→ INFORMATION GIVEN:
........

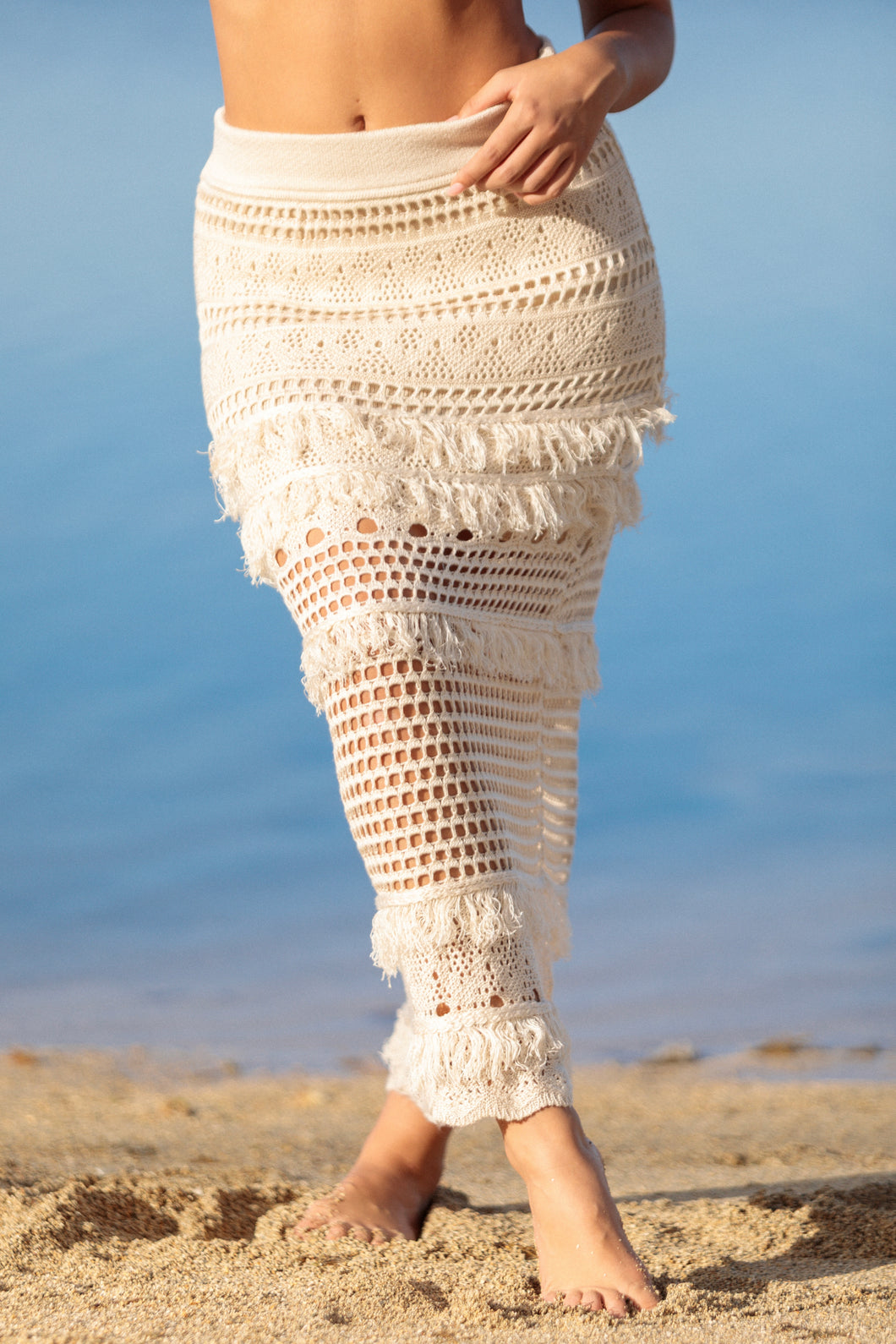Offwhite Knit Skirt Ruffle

........

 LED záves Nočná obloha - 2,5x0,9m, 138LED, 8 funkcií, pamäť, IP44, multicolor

........

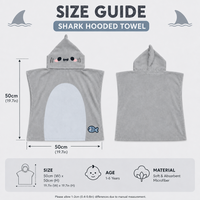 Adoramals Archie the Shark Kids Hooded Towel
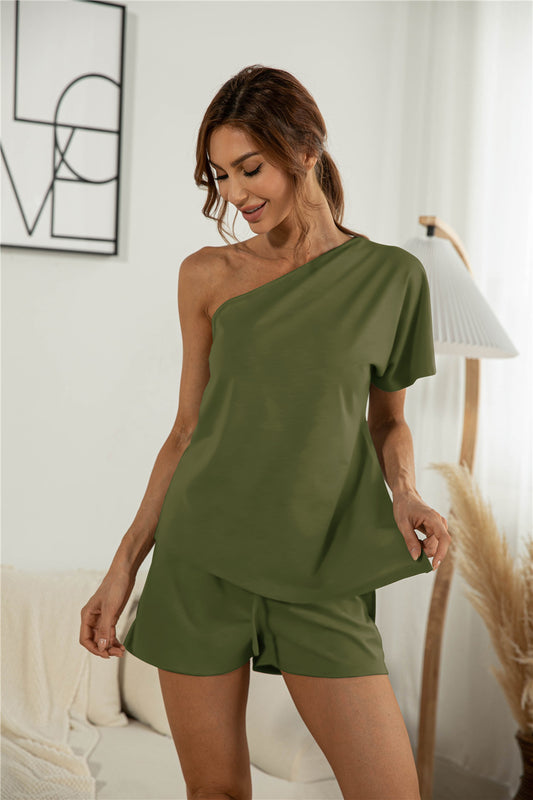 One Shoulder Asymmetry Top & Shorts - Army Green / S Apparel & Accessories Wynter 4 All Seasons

........

→ EXERCISE BRIEF: What belongs in the answer is each line above from the line with "Adoramals Archie the Shark Kids Hooded Towel" to the line with "One Shoulder Asymmetry", inclusive, reproduced exactly and free of pictures.

→ SOLVED PROBLEM:
 Adoramals Archie the Shark Kids Hooded Towel
 One Shoulder Asymmetry Top & Shorts - Army Green / S Apparel & Accessories Wynter 4 All Seasons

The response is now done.